=== Given records ===
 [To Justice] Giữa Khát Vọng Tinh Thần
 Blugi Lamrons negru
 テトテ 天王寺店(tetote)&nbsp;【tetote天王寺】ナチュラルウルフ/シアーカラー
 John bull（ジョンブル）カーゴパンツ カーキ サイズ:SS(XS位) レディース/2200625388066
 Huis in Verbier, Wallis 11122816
===
=== Given records ===
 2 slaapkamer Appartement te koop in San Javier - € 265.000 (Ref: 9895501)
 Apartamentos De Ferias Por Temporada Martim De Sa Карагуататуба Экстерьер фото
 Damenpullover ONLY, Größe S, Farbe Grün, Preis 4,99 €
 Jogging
===
◆ What you have to do: Which lines run from the one holding "[To Justice] Giữa Khát Vọng Tinh Thần" through the one holding "Huis in Verbier, Wallis 11122816" in the records above? Repeat them exactly, both included, and nothing more.

◆ Solved problem:
 [To Justice] Giữa Khát Vọng Tinh Thần
 Blugi Lamrons negru
 テトテ 天王寺店(tetote)&nbsp;【tetote天王寺】ナチュラルウルフ/シアーカラー
 John bull（ジョンブル）カーゴパンツ カーキ サイズ:SS(XS位) レディース/2200625388066
 Huis in Verbier, Wallis 11122816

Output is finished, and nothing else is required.